One thing you should not trim away, though, is the artichoke stem, particularly on medium to large thistles. The white core, which you can see from the bottom of the stem, tastes as sweet and nutty as the heart. Peel or cut off the outer green parts, and keep as much of this core as you can.
Sometimes I munch the stems raw, dunked in olive oil and salt while I hack my way through a mountain of artichokes. It’s the chef’s treat — the vegetable version of eating the chicken tail when you’re carving up a roasted bird.
As you trim your artichokes, be sure to rub lemon all over the cuts — the acid will keep the flesh from oxidizing and turning slightly bitter. A dunk in lemon-infused water also does the trick. While this step is important if you’re going to cook the artichokes, it’s imperative if you plan to serve them raw, slivered into a salad. Artichokes can take plenty of lemon without wilting or turning sour, so be generous.
Roasted artichokes also make an excellent salad, albeit one with a softer texture than the slawlike raw kind, and a browned, almost meaty flavor. Here I toss the roasted wedges with peas and plenty of mint, and serve them on a bed of lemon-flavored ricotta, an idea I picked up at a dinner party on my last trip to Rome.

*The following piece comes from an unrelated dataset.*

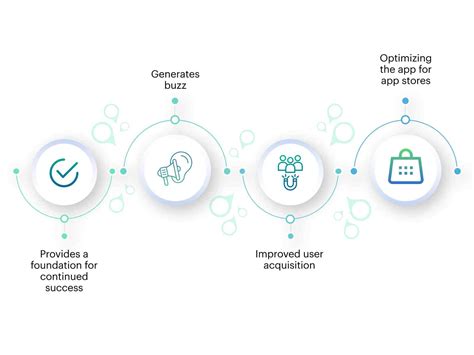 Image result for Program Launch App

Another dish inspired by Italian sojourns is pasta with a sauce of sautéed artichoke hearts and pancetta. The key here is to use the starchy pasta water to bring the elements together; the artichokes themselves don’t exude enough liquid to create a sauce. But they’ve got an intense flavor that stands up to the salty pancetta and the Parmesan cheese sprinkled on at the end.
If you’d rather be more minimalist in terms of trimming, you can follow the French and steam your artichokes whole.
You’ll still need to snip off the pointed petal tips to keep from scratching yourself while eating. But the petals stay attached until you pull them off after cooking. Dunk them in melted butter before scraping off the sweet fleshy bits between your teeth.
Then, when the petals are all gone, scoop off the fuzzy choke and savor the soft heart, dunking it in even more butter. It’s an eat-with-your hands feast, a springtime treat well worth all the mess.